## ASSIGNMENT
Only the lines from the one that contains "Modern gray white workout leggings" through the last line of the data below should be duplicated, exactly and without pictures.

## RECORDED INFORMATION
BEGIN

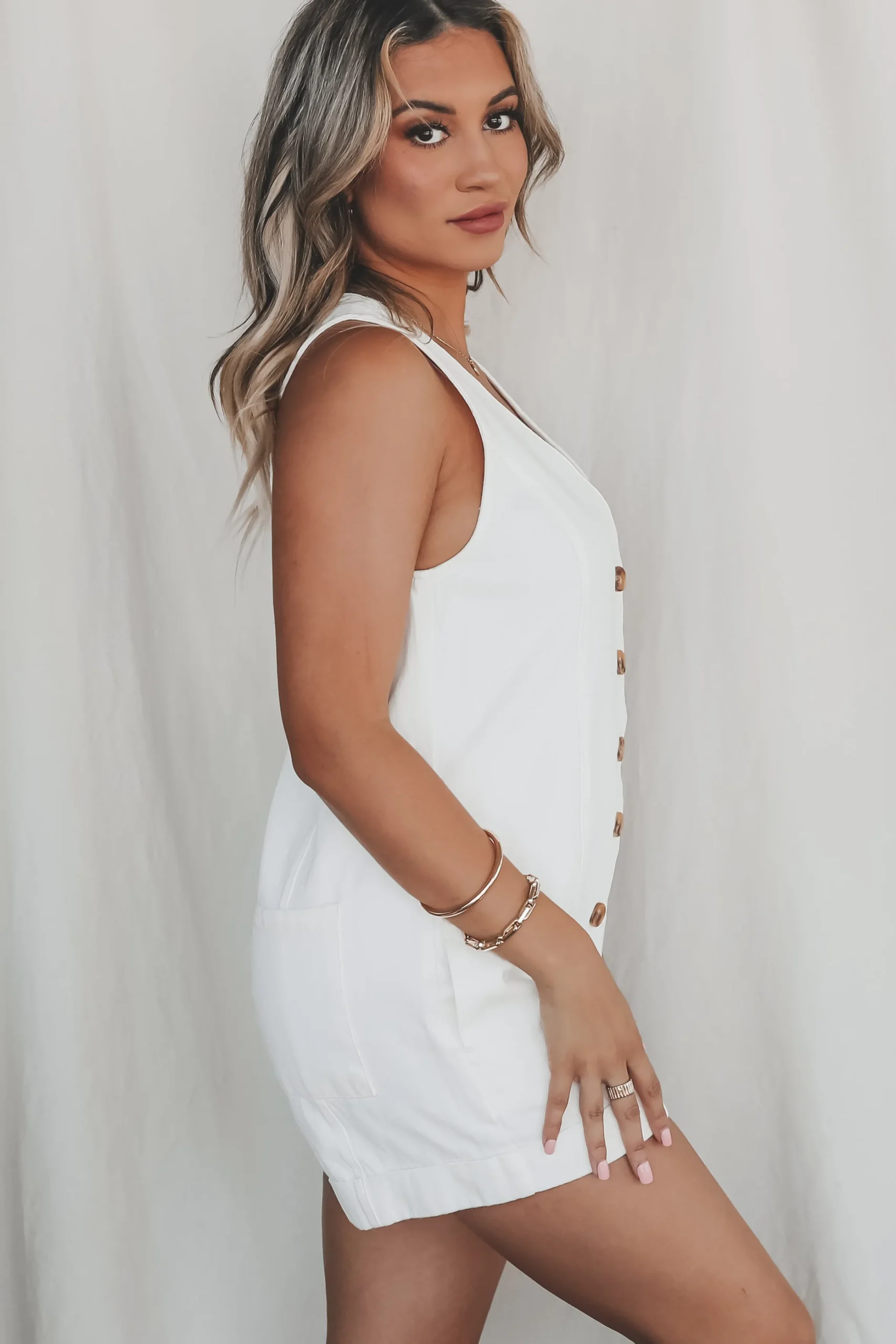 SHOW ME YOUR MUMU White Denim San Diego Romper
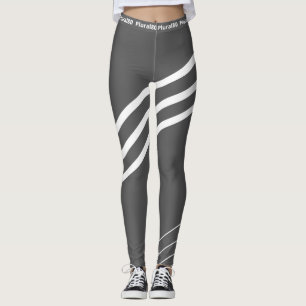 Modern gray white workout leggings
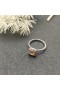 David Yurman Petite Castellana Pavé Lunetta Anello in Argento Sterling con Champagne Citrino e Diamanti 7mm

END

## TASK ANSWER
 Modern gray white workout leggings
 David Yurman Petite Castellana Pavé Lunetta Anello in Argento Sterling con Champagne Citrino e Diamanti 7mm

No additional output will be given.